La replicación, transcripción y traducción del ADN son los procesos fundamentales a través de los cuales la información genética contenida en el ADN se copia, se convierte en ARN y, finalmente, se utiliza para sintetizar proteínas.
Replicación: Es el proceso de copiado del ADN. Una enzima llamada ADN polimerasa utiliza una hebra de ADN como molde para crear una nueva hebra complementaria. Primero, las dos hebras de ADN se separan (desenrollan) gracias a la enzima helicasa. Luego, la ADN polimerasa agrega nucleótidos para crear una nueva hebra que es idéntica a la original. Ejemplo: Imagina que tienes la receta de tu abuela para hacer galletas. La replicación es como hacer una copia exacta de esa receta para que no se pierda y puedas hacer galletas cuando quieras.

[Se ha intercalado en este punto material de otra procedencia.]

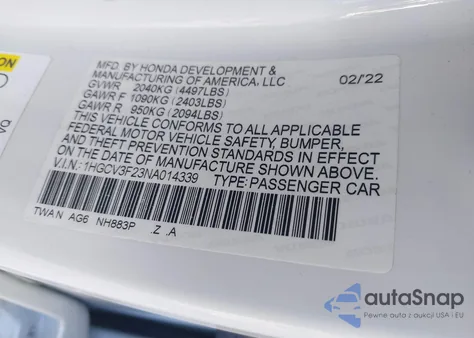 2022 Honda Accord Hybrid Sport z USA, uszkodzony, nr VIN 1HGCV3F23NA014339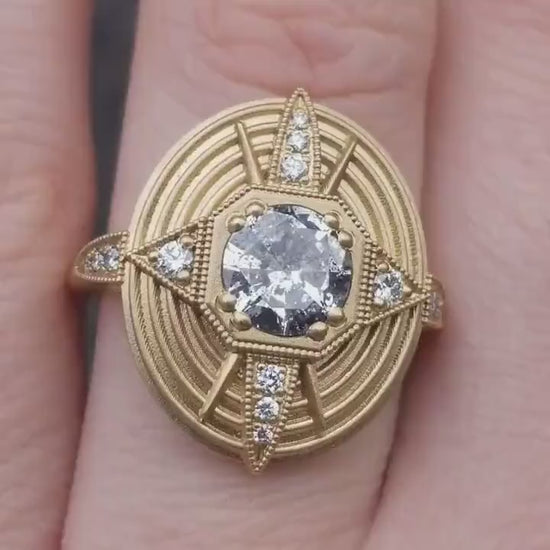 Load and play video in Gallery viewer, Ready to Ship Size 6 - 8 - Art Deco Compass Rose Ring with Salt &amp;amp; Pepper Diamond Center and White Diamonds - Sandblasted 14k Yellow Gold
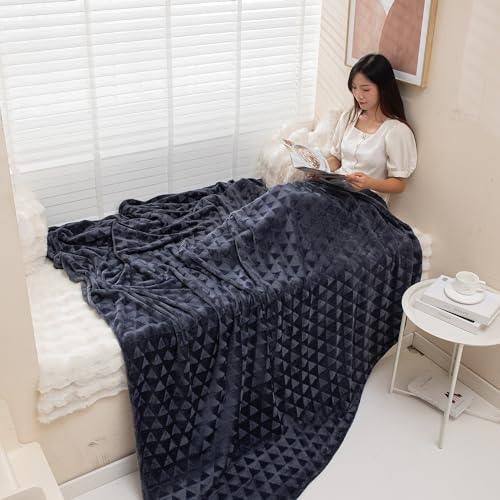 Dark Grey Colour Soft Fleece Blankets | HOKIPO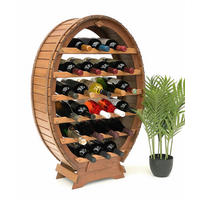 WEINREGAL Weinfass Stehend für 24 Flaschen Holz Braun - Braun, Holz (62/90/24cm) - DanDiBo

Transcripción: Este proceso consiste en copiar la información genética del ADN al ARN. Una enzima llamada ARN polimerasa utiliza el ADN como molde para sintetizar una molécula de ARN mensajero (ARNm). Este ARNm lleva la información del ADN desde el núcleo celular hasta los ribosomas, donde se lleva a cabo la traducción. Ejemplo: Siguiendo con la analogía de la receta, la transcripción sería como copiar la receta de galletas en una tarjeta más pequeña y fácil de llevar a la cocina, el ARNm.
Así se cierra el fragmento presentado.